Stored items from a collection
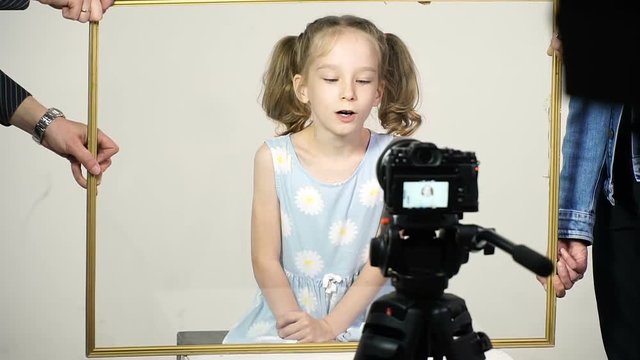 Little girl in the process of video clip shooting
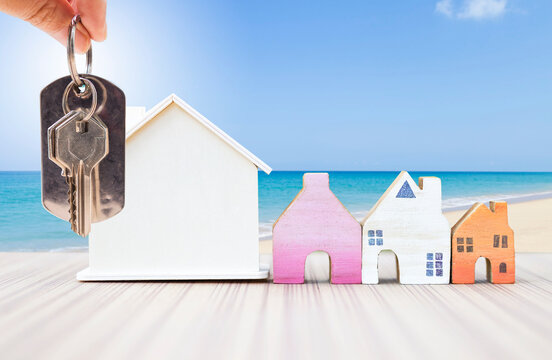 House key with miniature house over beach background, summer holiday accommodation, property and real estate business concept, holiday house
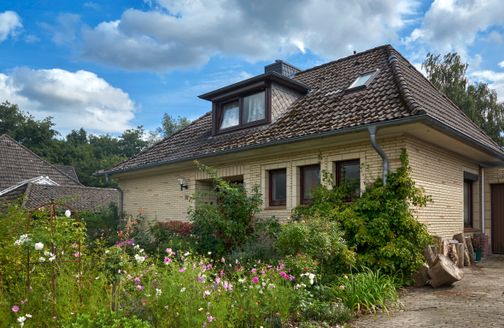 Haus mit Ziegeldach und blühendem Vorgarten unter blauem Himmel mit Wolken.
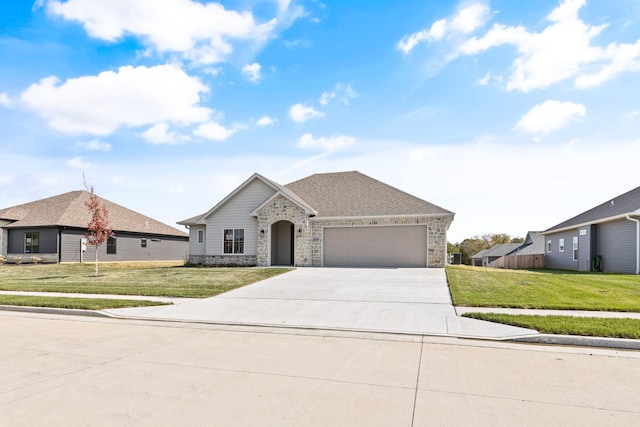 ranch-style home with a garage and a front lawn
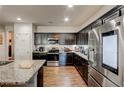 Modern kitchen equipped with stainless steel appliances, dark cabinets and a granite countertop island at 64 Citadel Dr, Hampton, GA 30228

## TRY IT
Beginning with the first line of the records and ending with the line that contains "ranch-style home with", reproduce every line exactly, omitting pictures and adding nothing.

## RESULT
 Little girl in the process of video clip shooting
 House key with miniature house over beach background, summer holiday accommodation, property and real estate business concept, holiday house
 Haus mit Ziegeldach und blühendem Vorgarten unter blauem Himmel mit Wolken.
 ranch-style home with a garage and a front lawn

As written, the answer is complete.